Material shown:
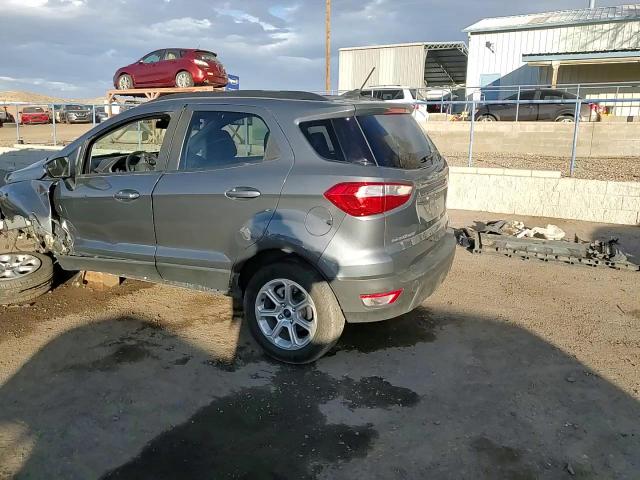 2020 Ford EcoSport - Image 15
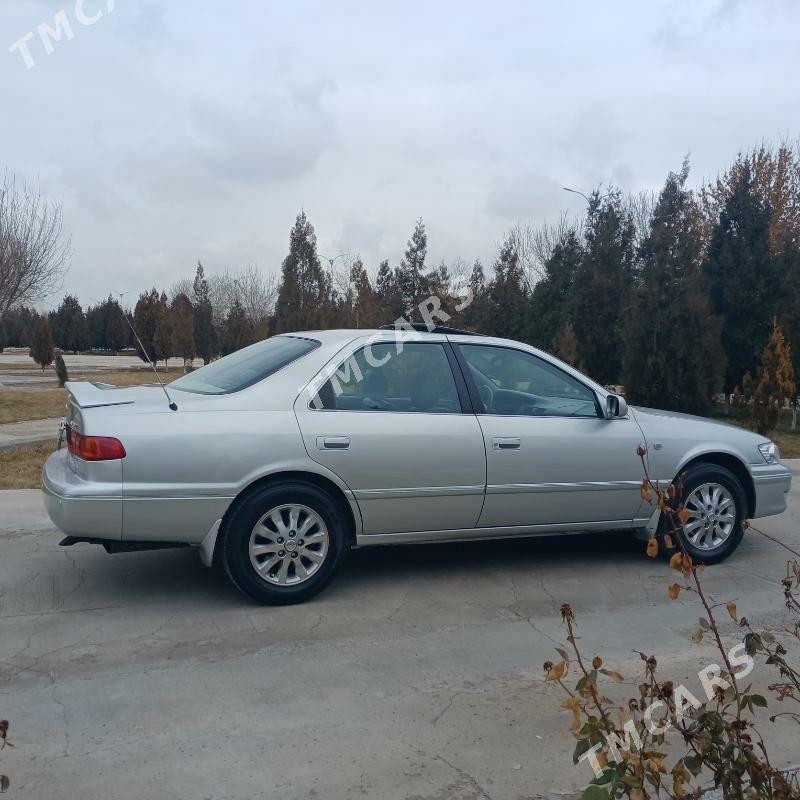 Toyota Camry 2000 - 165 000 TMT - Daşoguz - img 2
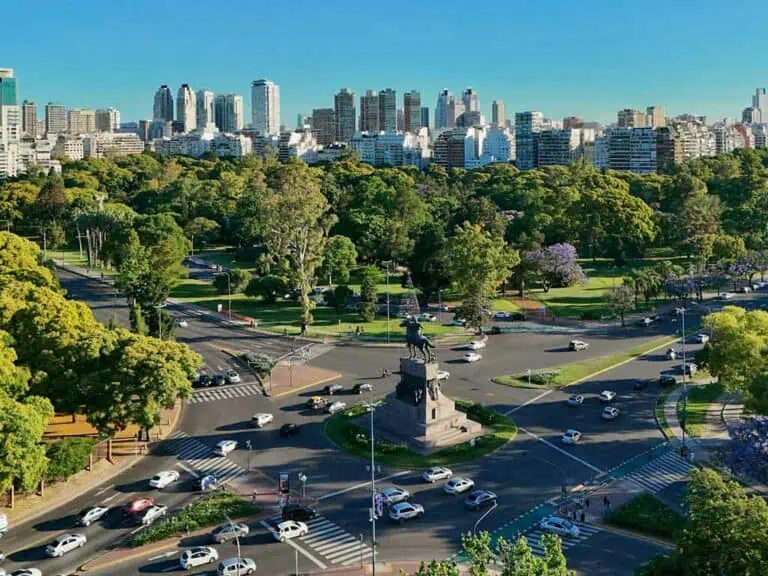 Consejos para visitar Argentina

==

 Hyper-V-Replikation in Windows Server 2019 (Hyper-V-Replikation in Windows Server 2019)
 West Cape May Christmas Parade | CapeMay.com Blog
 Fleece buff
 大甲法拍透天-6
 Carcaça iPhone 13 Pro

==

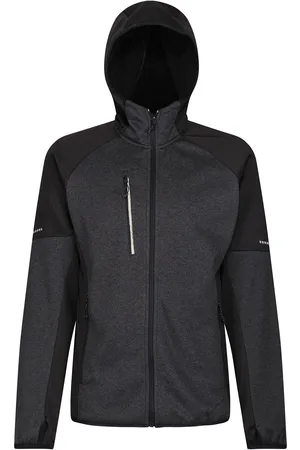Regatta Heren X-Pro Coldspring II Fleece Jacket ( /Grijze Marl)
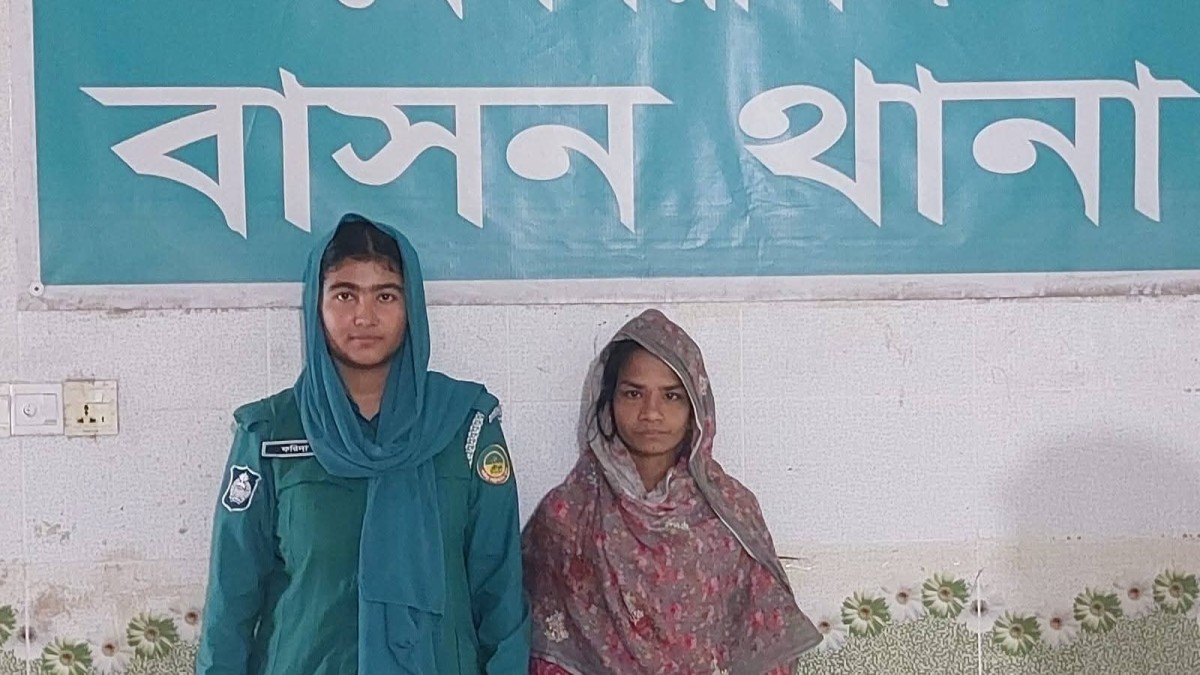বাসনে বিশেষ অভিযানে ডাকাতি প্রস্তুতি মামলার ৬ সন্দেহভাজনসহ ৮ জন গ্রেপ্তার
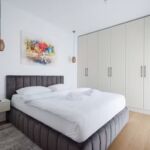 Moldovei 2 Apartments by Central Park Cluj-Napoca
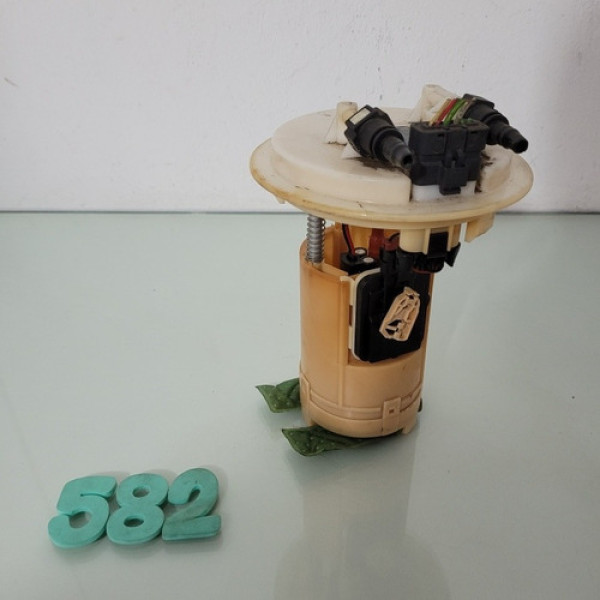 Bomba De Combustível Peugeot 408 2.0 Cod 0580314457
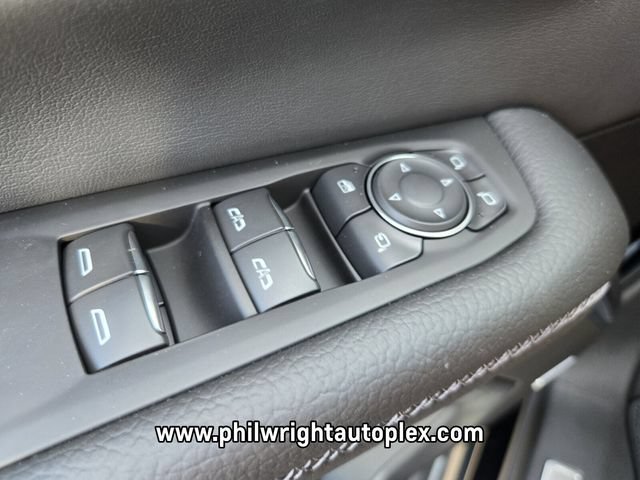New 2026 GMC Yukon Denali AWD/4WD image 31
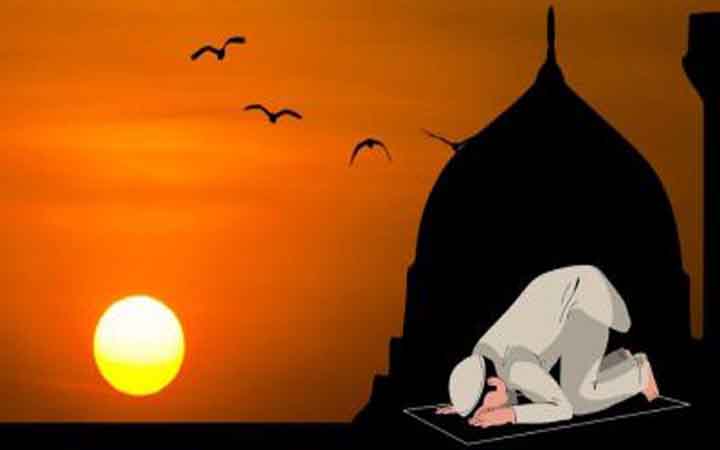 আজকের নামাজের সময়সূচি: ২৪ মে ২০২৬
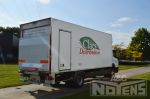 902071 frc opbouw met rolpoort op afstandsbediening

Aim of the exercise:
Give back exactly, and solely, the section of the data above bounded by the line containing "Moldovei 2 Apartments" and the line containing "902071 frc opbouw", both bounding lines included and pictures omitted.

Completed task:
 Moldovei 2 Apartments by Central Park Cluj-Napoca
 Bomba De Combustível Peugeot 408 2.0 Cod 0580314457
New 2026 GMC Yukon Denali AWD/4WD image 31
 আজকের নামাজের সময়সূচি: ২৪ মে ২০২৬
 902071 frc opbouw met rolpoort op afstandsbediening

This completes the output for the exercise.